— What needs to be done —
Apart from the pictures, every record here must be copied word for word.

[Short descriptive text snippets]

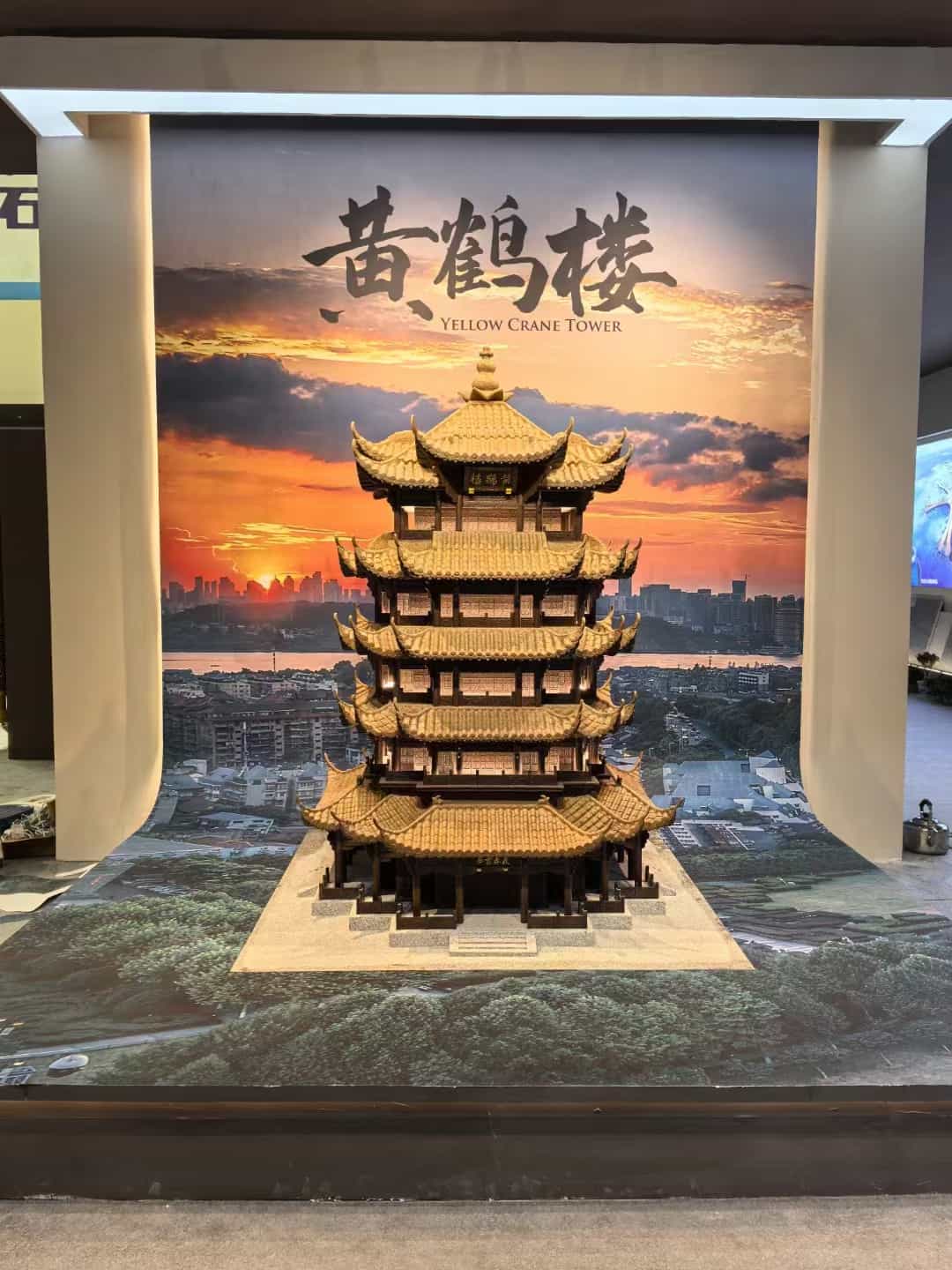 宜昌仿古石文创作品-黄鹤楼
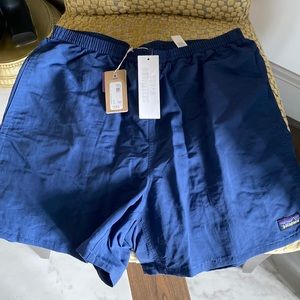 Brand NEW with tags mens Blue Patagonia shorts 5 “
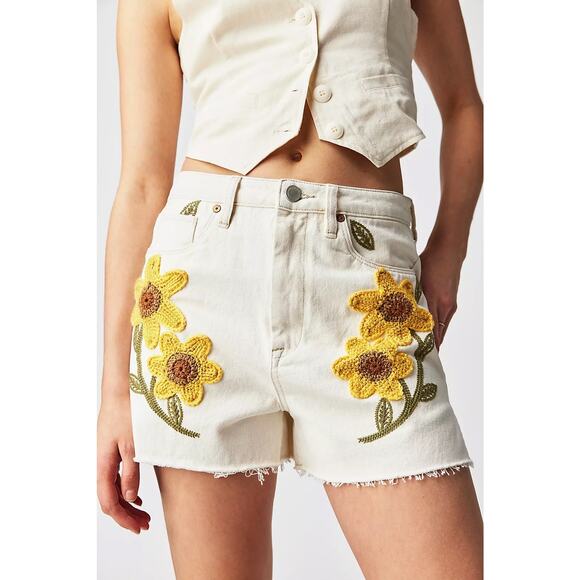 Blank NYC The Reeve Sunflower Floral Embroidered White Denim Shorts 27 - Picture 1 of 13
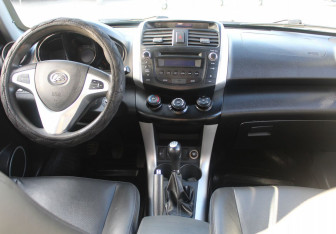 Подержанный автомобиль Lifan X60 2014 года (13 фото)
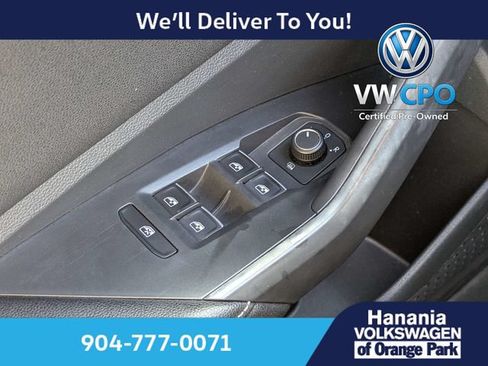 Certified 2024 Volkswagen Jetta SE FWD image 21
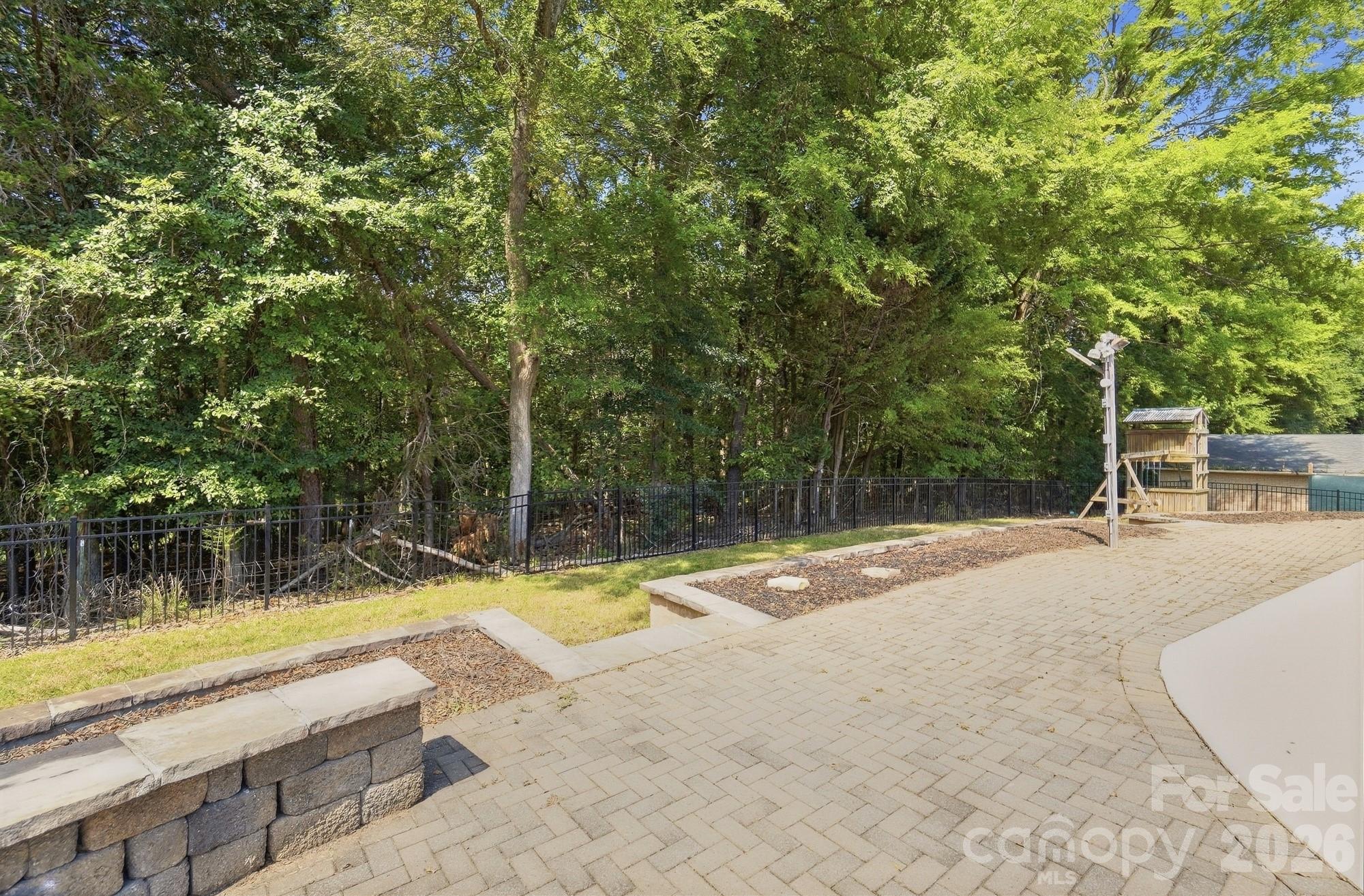 213 Lakeview Drive Property Photo 44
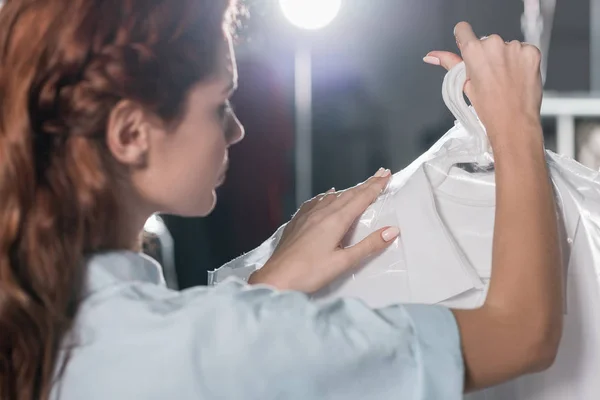 Perempuan Dry Cleaning Pekerja Memegang Pakaian Bersih Dalam Kantong Plastik — Stok Foto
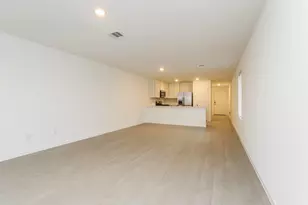 10813 Bird Of Paradise Ln, Houston, TX 77016 - Photo 5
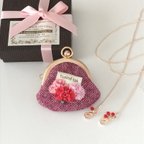 作品母の日🌹リボン刺繍が可愛いカーネーションのミニブーケ豆がま口ポーチとマスクチェーン✨メガネチェーンにも✨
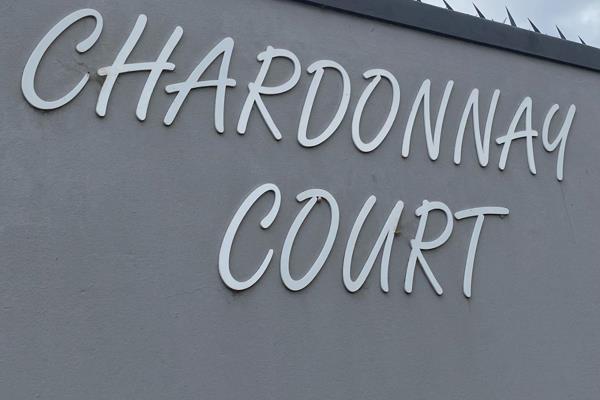 2 Bedroom Property for Sale in Stratford Green Western Cape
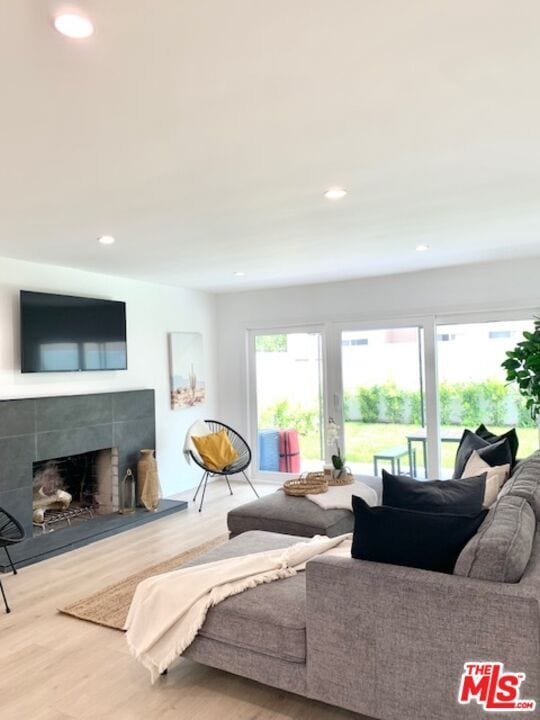 Building Photo - 5630 Vantage Ave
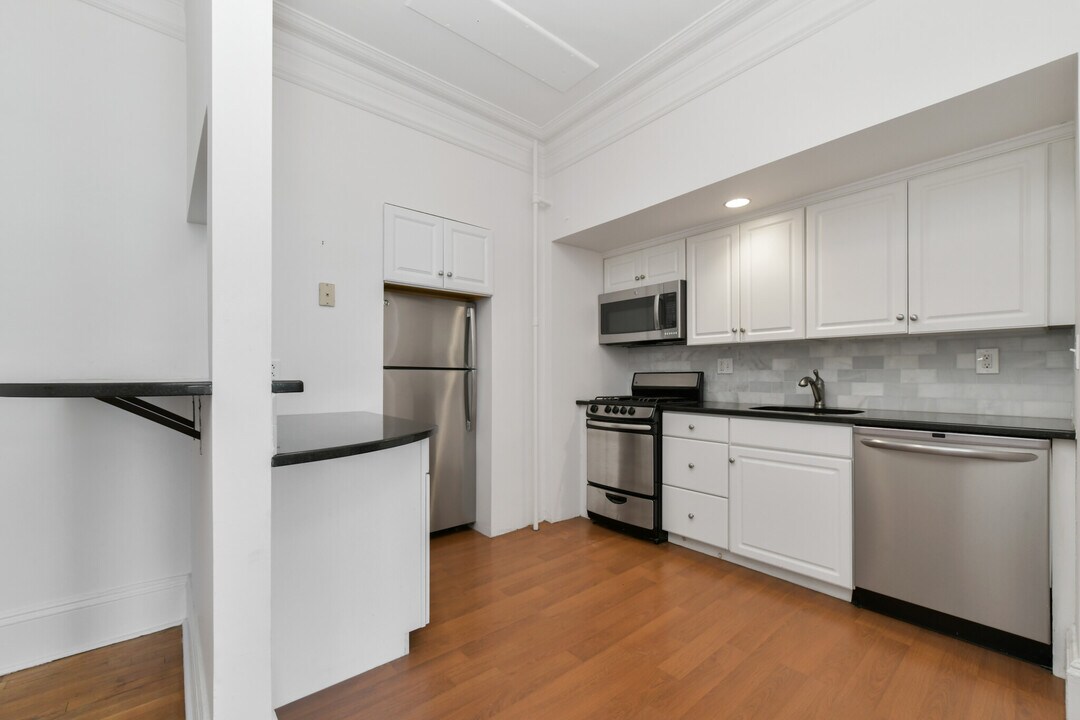 184 Commonwealth Ave, Unit 51 in Boston, MA - Building Photo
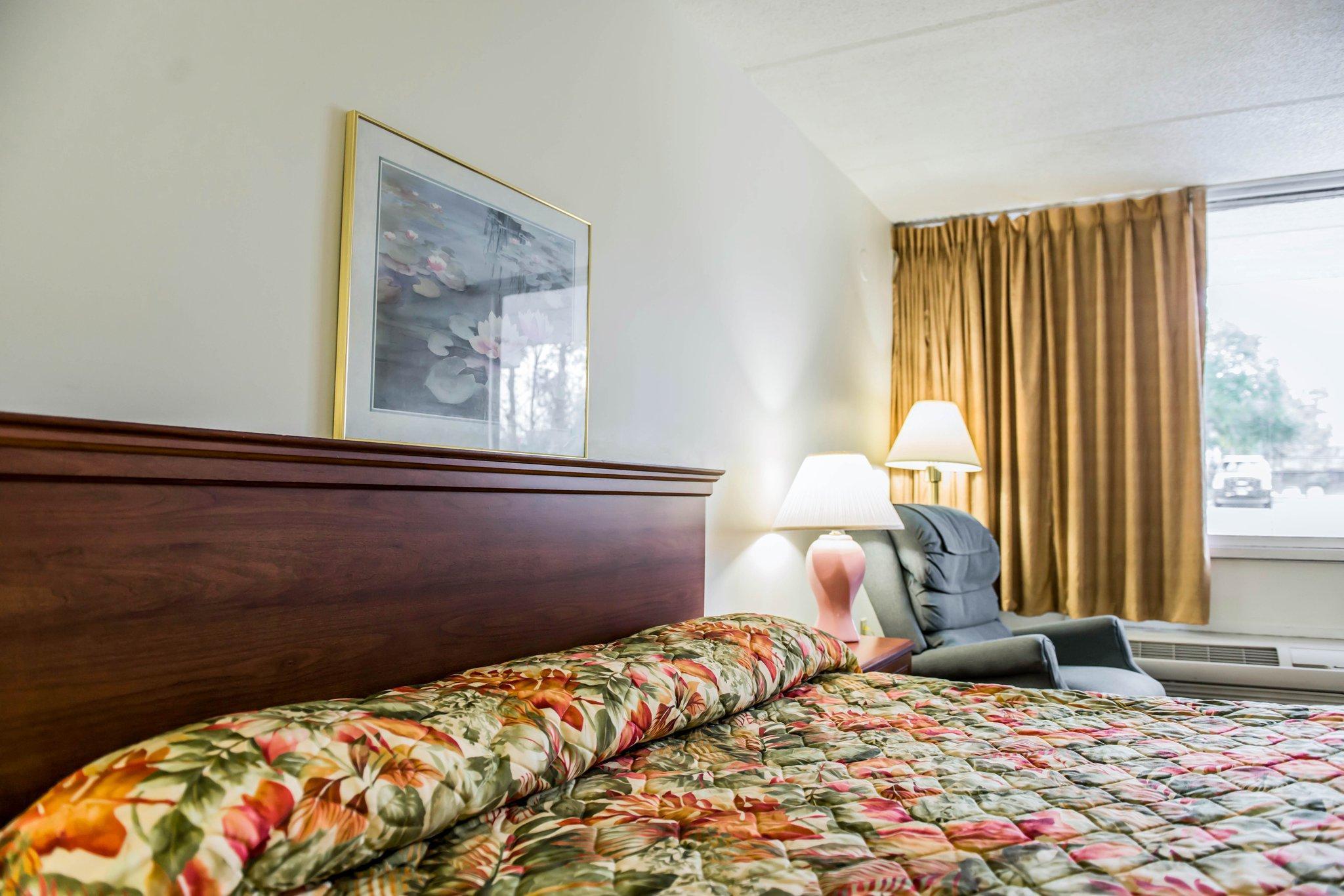 Econo North Lodge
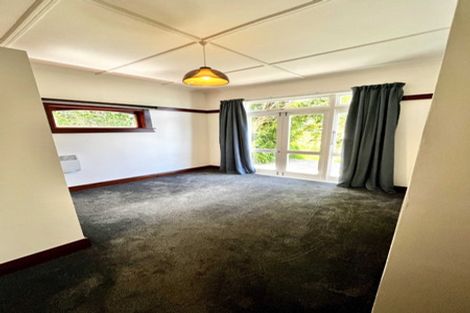Photo of property in 19 Highbury Crescent, Aro Valley, Wellington, 6012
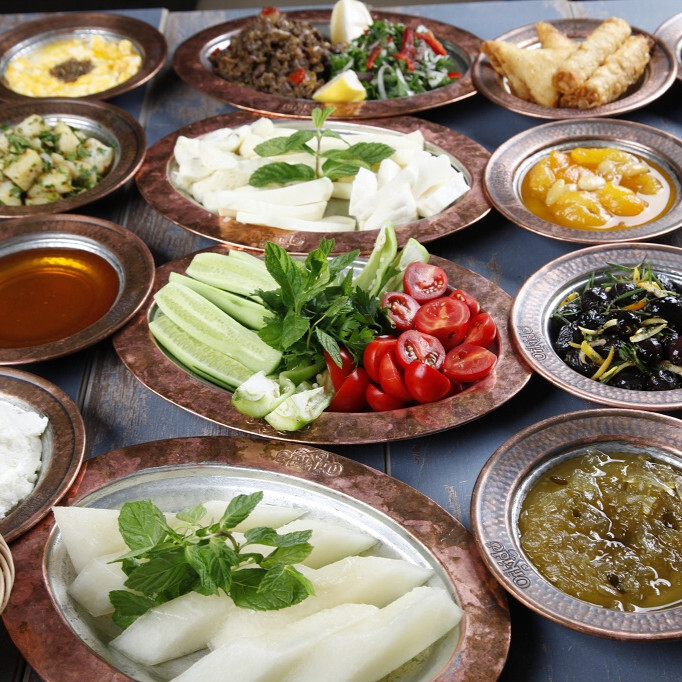 Yöresel Serpme Kahvaltı (Kişi Başı)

— Task solution —
 宜昌仿古石文创作品-黄鹤楼
 Brand NEW with tags mens Blue Patagonia shorts 5 “
 Blank NYC The Reeve Sunflower Floral Embroidered White Denim Shorts 27 - Picture 1 of 13
 Подержанный автомобиль Lifan X60 2014 года (13 фото)
 Certified 2024 Volkswagen Jetta SE FWD image 21
 213 Lakeview Drive Property Photo 44
 Perempuan Dry Cleaning Pekerja Memegang Pakaian Bersih Dalam Kantong Plastik — Stok Foto
 10813 Bird Of Paradise Ln, Houston, TX 77016 - Photo 5
 作品母の日🌹リボン刺繍が可愛いカーネーションのミニブーケ豆がま口ポーチとマスクチェーン✨メガネチェーンにも✨
 2 Bedroom Property for Sale in Stratford Green Western Cape
 Building Photo - 5630 Vantage Ave
 184 Commonwealth Ave, Unit 51 in Boston, MA - Building Photo
 Econo North Lodge
Photo of property in 19 Highbury Crescent, Aro Valley, Wellington, 6012
 Yöresel Serpme Kahvaltı (Kişi Başı)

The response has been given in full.